Evals automate the testing and benchmarking of AI agents using datasets and scoring metrics, giving you an objective, reproducible measure of agent quality over time.

What is a Dataset?

A Dataset is a curated collection of test cases — inputs and expected outputs — used to stress-test your AI agent. Standardized datasets let you track how prompt, tool, or model changes affect real-world accuracy and reliability.

What is a Test Case?

A Test Case defines a specific scenario, input, and evaluation criteria to assess an agent's response. It includes context, tool invocation requirements, and the criteria (via a Reviewer) used to score the final answer.

What does the Average Score represent?

It shows the aggregated performance score across all test cases in an evaluation run, expressed as a percentage or absolute value.

What statuses can an evaluation have?

An evaluation can be Running, Completed, Failed, or Error.
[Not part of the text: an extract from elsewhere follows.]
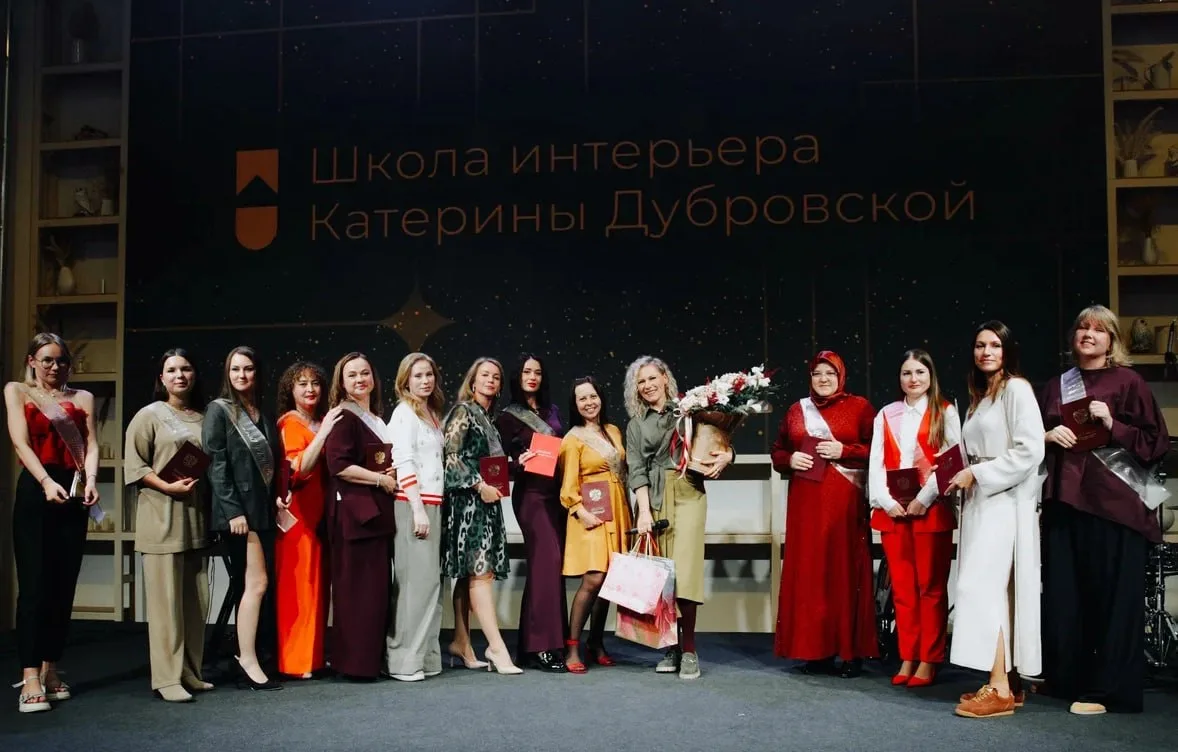 Дизайн интерьера меня кормит, вдохновляет и слегка испортил характер

Сегодня без советов и схем. Ра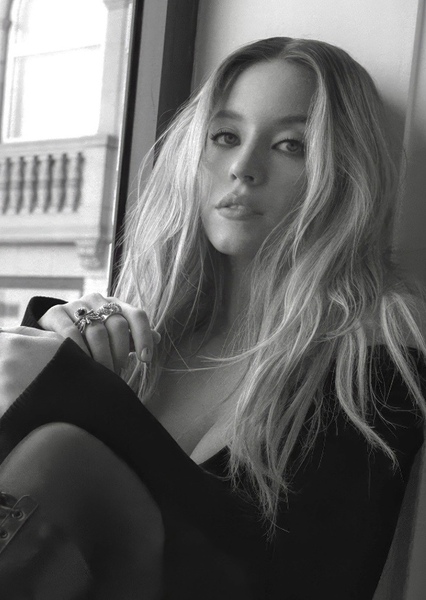 Sydney Sweeney photo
What is the role of a Reviewer?

A Reviewer automatically scores the agent's output against predefined validation criteria. Reviewers can be deterministic (e.g., exact match, regex), format-based (e.g., valid JSON), heuristic (e.g., Levenshtein distance), or AI-driven (e.g., factuality, custom LLM judge).

What types of Reviewers are available?

Twelve reviewer types are available across four categories: Deterministic, Format Validation, Heuristic, and AI-Driven. See the Reviewer Types section for the full breakdown.

How do I run a new evaluation?

Select one or more datasets, provide a name for the eval run, and click Run Eval.

How can Evals help improve my AI agent?

Evals identify low-performing areas, surface hard failures and errors, and let you compare evaluation runs side-by-side after making prompt or configuration changes — creating a tight, data-driven improvement loop.